━━ Data section ━━

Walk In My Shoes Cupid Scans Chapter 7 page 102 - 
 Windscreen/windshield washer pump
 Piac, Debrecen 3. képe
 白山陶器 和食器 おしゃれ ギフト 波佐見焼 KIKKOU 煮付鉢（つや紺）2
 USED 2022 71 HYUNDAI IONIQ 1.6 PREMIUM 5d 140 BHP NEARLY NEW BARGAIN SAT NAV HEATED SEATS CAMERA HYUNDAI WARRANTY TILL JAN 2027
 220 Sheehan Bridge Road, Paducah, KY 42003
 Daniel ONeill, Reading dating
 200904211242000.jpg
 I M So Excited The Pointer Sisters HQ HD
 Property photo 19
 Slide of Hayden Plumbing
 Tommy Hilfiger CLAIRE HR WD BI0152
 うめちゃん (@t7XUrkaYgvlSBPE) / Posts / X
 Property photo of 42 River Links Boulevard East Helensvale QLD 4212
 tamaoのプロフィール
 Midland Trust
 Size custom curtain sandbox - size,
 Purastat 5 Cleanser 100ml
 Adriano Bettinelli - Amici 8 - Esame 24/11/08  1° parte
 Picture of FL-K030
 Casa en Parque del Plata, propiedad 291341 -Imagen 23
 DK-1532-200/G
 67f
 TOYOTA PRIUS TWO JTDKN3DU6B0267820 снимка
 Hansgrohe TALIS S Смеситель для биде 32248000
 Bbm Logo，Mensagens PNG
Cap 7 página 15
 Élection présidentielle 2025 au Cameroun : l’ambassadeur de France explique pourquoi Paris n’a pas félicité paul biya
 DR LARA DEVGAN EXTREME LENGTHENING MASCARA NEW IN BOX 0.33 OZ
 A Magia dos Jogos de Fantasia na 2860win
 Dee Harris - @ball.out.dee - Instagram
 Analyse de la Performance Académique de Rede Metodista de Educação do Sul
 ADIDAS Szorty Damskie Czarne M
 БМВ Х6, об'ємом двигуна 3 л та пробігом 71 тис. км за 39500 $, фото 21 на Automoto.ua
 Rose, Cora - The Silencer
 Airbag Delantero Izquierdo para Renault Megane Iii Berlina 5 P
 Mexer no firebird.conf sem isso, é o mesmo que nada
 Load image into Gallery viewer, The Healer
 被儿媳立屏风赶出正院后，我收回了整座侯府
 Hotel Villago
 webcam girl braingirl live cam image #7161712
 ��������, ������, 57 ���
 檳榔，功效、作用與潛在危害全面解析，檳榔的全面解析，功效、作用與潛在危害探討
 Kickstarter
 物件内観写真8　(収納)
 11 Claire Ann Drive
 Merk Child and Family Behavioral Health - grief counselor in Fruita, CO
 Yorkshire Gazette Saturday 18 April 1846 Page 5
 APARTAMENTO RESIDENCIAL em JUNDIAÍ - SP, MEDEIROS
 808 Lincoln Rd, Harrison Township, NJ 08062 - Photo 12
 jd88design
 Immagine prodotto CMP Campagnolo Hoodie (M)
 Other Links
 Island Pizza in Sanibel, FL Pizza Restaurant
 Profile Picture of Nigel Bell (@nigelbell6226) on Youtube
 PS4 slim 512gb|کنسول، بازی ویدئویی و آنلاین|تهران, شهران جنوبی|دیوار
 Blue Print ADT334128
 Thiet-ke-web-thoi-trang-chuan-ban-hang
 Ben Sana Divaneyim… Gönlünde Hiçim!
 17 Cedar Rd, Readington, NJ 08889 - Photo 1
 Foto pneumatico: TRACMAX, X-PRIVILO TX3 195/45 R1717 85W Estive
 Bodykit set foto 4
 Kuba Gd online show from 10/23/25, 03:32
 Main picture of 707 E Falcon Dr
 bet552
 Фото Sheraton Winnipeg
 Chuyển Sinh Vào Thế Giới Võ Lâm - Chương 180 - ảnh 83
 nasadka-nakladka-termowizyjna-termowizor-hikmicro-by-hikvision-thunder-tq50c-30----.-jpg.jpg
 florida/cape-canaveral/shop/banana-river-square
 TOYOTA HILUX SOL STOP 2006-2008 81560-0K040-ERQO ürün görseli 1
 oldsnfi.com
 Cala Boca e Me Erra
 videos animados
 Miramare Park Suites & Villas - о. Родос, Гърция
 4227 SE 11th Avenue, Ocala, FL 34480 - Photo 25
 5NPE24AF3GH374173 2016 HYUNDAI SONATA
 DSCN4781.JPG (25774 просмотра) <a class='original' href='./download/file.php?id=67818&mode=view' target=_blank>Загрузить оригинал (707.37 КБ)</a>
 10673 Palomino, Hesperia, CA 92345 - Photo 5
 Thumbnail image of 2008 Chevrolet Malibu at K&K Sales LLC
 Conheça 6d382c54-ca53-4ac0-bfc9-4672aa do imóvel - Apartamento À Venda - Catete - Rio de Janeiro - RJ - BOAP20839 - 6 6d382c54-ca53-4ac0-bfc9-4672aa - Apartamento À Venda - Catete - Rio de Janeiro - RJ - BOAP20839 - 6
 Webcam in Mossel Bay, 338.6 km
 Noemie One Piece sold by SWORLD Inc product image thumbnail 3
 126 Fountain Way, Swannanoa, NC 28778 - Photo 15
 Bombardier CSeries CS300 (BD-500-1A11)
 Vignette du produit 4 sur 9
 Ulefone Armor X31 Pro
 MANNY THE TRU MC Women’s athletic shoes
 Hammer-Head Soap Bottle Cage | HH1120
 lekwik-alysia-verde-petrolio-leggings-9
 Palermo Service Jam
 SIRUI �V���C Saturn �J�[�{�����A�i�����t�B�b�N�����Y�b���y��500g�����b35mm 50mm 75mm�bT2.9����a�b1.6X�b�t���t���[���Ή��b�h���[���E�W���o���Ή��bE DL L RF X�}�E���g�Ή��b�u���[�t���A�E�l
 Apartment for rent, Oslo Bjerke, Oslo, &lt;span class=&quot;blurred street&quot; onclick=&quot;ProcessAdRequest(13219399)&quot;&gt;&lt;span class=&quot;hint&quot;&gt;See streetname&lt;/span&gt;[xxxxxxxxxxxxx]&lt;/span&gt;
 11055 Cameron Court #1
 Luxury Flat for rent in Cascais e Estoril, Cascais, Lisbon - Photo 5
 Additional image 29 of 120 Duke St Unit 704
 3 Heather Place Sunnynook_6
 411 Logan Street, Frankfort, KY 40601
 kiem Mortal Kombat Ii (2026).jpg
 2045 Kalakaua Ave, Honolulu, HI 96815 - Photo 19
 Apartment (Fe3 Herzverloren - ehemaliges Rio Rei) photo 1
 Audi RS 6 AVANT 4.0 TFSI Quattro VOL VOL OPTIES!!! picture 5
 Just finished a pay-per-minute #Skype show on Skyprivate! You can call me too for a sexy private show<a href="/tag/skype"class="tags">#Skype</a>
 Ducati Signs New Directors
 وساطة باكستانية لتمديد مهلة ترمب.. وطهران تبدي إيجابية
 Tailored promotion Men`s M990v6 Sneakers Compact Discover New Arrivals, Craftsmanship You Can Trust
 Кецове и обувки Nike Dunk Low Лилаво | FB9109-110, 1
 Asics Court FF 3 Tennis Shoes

━━━

Exercise prompt: With nothing added or dropped, write out the listing again.

Task response:
Walk In My Shoes Cupid Scans Chapter 7 page 102 - 
 Windscreen/windshield washer pump
 Piac, Debrecen 3. képe
 白山陶器 和食器 おしゃれ ギフト 波佐見焼 KIKKOU 煮付鉢（つや紺）2
 USED 2022 71 HYUNDAI IONIQ 1.6 PREMIUM 5d 140 BHP NEARLY NEW BARGAIN SAT NAV HEATED SEATS CAMERA HYUNDAI WARRANTY TILL JAN 2027
 220 Sheehan Bridge Road, Paducah, KY 42003
 Daniel ONeill, Reading dating
 200904211242000.jpg
 I M So Excited The Pointer Sisters HQ HD
 Property photo 19
 Slide of Hayden Plumbing
 Tommy Hilfiger CLAIRE HR WD BI0152
 うめちゃん (@t7XUrkaYgvlSBPE) / Posts / X
 Property photo of 42 River Links Boulevard East Helensvale QLD 4212
 tamaoのプロフィール
 Midland Trust
 Size custom curtain sandbox - size,
 Purastat 5 Cleanser 100ml
 Adriano Bettinelli - Amici 8 - Esame 24/11/08  1° parte
 Picture of FL-K030
 Casa en Parque del Plata, propiedad 291341 -Imagen 23
 DK-1532-200/G
 67f
 TOYOTA PRIUS TWO JTDKN3DU6B0267820 снимка
 Hansgrohe TALIS S Смеситель для биде 32248000
 Bbm Logo，Mensagens PNG
Cap 7 página 15
 Élection présidentielle 2025 au Cameroun : l’ambassadeur de France explique pourquoi Paris n’a pas félicité paul biya
 DR LARA DEVGAN EXTREME LENGTHENING MASCARA NEW IN BOX 0.33 OZ
 A Magia dos Jogos de Fantasia na 2860win
 Dee Harris - @ball.out.dee - Instagram
 Analyse de la Performance Académique de Rede Metodista de Educação do Sul
 ADIDAS Szorty Damskie Czarne M
 БМВ Х6, об'ємом двигуна 3 л та пробігом 71 тис. км за 39500 $, фото 21 на Automoto.ua
 Rose, Cora - The Silencer
 Airbag Delantero Izquierdo para Renault Megane Iii Berlina 5 P
 Mexer no firebird.conf sem isso, é o mesmo que nada
 Load image into Gallery viewer, The Healer
 被儿媳立屏风赶出正院后，我收回了整座侯府
 Hotel Villago
 webcam girl braingirl live cam image #7161712
 ��������, ������, 57 ���
 檳榔，功效、作用與潛在危害全面解析，檳榔的全面解析，功效、作用與潛在危害探討
 Kickstarter
 物件内観写真8　(収納)
 11 Claire Ann Drive
 Merk Child and Family Behavioral Health - grief counselor in Fruita, CO
 Yorkshire Gazette Saturday 18 April 1846 Page 5
 APARTAMENTO RESIDENCIAL em JUNDIAÍ - SP, MEDEIROS
 808 Lincoln Rd, Harrison Township, NJ 08062 - Photo 12
 jd88design
 Immagine prodotto CMP Campagnolo Hoodie (M)
 Other Links
 Island Pizza in Sanibel, FL Pizza Restaurant
 Profile Picture of Nigel Bell (@nigelbell6226) on Youtube
 PS4 slim 512gb|کنسول، بازی ویدئویی و آنلاین|تهران, شهران جنوبی|دیوار
 Blue Print ADT334128
 Thiet-ke-web-thoi-trang-chuan-ban-hang
 Ben Sana Divaneyim… Gönlünde Hiçim!
 17 Cedar Rd, Readington, NJ 08889 - Photo 1
 Foto pneumatico: TRACMAX, X-PRIVILO TX3 195/45 R1717 85W Estive
 Bodykit set foto 4
 Kuba Gd online show from 10/23/25, 03:32
 Main picture of 707 E Falcon Dr
 bet552
 Фото Sheraton Winnipeg
 Chuyển Sinh Vào Thế Giới Võ Lâm - Chương 180 - ảnh 83
 nasadka-nakladka-termowizyjna-termowizor-hikmicro-by-hikvision-thunder-tq50c-30----.-jpg.jpg
 florida/cape-canaveral/shop/banana-river-square
 TOYOTA HILUX SOL STOP 2006-2008 81560-0K040-ERQO ürün görseli 1
 oldsnfi.com
 Cala Boca e Me Erra
 videos animados
 Miramare Park Suites & Villas - о. Родос, Гърция
 4227 SE 11th Avenue, Ocala, FL 34480 - Photo 25
 5NPE24AF3GH374173 2016 HYUNDAI SONATA
 DSCN4781.JPG (25774 просмотра) <a class='original' href='./download/file.php?id=67818&mode=view' target=_blank>Загрузить оригинал (707.37 КБ)</a>
 10673 Palomino, Hesperia, CA 92345 - Photo 5
 Thumbnail image of 2008 Chevrolet Malibu at K&K Sales LLC
 Conheça 6d382c54-ca53-4ac0-bfc9-4672aa do imóvel - Apartamento À Venda - Catete - Rio de Janeiro - RJ - BOAP20839 - 6 6d382c54-ca53-4ac0-bfc9-4672aa - Apartamento À Venda - Catete - Rio de Janeiro - RJ - BOAP20839 - 6
 Webcam in Mossel Bay, 338.6 km
 Noemie One Piece sold by SWORLD Inc product image thumbnail 3
 126 Fountain Way, Swannanoa, NC 28778 - Photo 15
 Bombardier CSeries CS300 (BD-500-1A11)
 Vignette du produit 4 sur 9
 Ulefone Armor X31 Pro
 MANNY THE TRU MC Women’s athletic shoes
 Hammer-Head Soap Bottle Cage | HH1120
 lekwik-alysia-verde-petrolio-leggings-9
 Palermo Service Jam
 SIRUI �V���C Saturn �J�[�{�����A�i�����t�B�b�N�����Y�b���y��500g�����b35mm 50mm 75mm�bT2.9����a�b1.6X�b�t���t���[���Ή��b�h���[���E�W���o���Ή��bE DL L RF X�}�E���g�Ή��b�u���[�t���A�E�l
 Apartment for rent, Oslo Bjerke, Oslo, &lt;span class=&quot;blurred street&quot; onclick=&quot;ProcessAdRequest(13219399)&quot;&gt;&lt;span class=&quot;hint&quot;&gt;See streetname&lt;/span&gt;[xxxxxxxxxxxxx]&lt;/span&gt;
 11055 Cameron Court #1
 Luxury Flat for rent in Cascais e Estoril, Cascais, Lisbon - Photo 5
 Additional image 29 of 120 Duke St Unit 704
 3 Heather Place Sunnynook_6
 411 Logan Street, Frankfort, KY 40601
 kiem Mortal Kombat Ii (2026).jpg
 2045 Kalakaua Ave, Honolulu, HI 96815 - Photo 19
 Apartment (Fe3 Herzverloren - ehemaliges Rio Rei) photo 1
 Audi RS 6 AVANT 4.0 TFSI Quattro VOL VOL OPTIES!!! picture 5
 Just finished a pay-per-minute #Skype show on Skyprivate! You can call me too for a sexy private show<a href="/tag/skype"class="tags">#Skype</a>
 Ducati Signs New Directors
 وساطة باكستانية لتمديد مهلة ترمب.. وطهران تبدي إيجابية
 Tailored promotion Men`s M990v6 Sneakers Compact Discover New Arrivals, Craftsmanship You Can Trust
 Кецове и обувки Nike Dunk Low Лилаво | FB9109-110, 1
 Asics Court FF 3 Tennis Shoes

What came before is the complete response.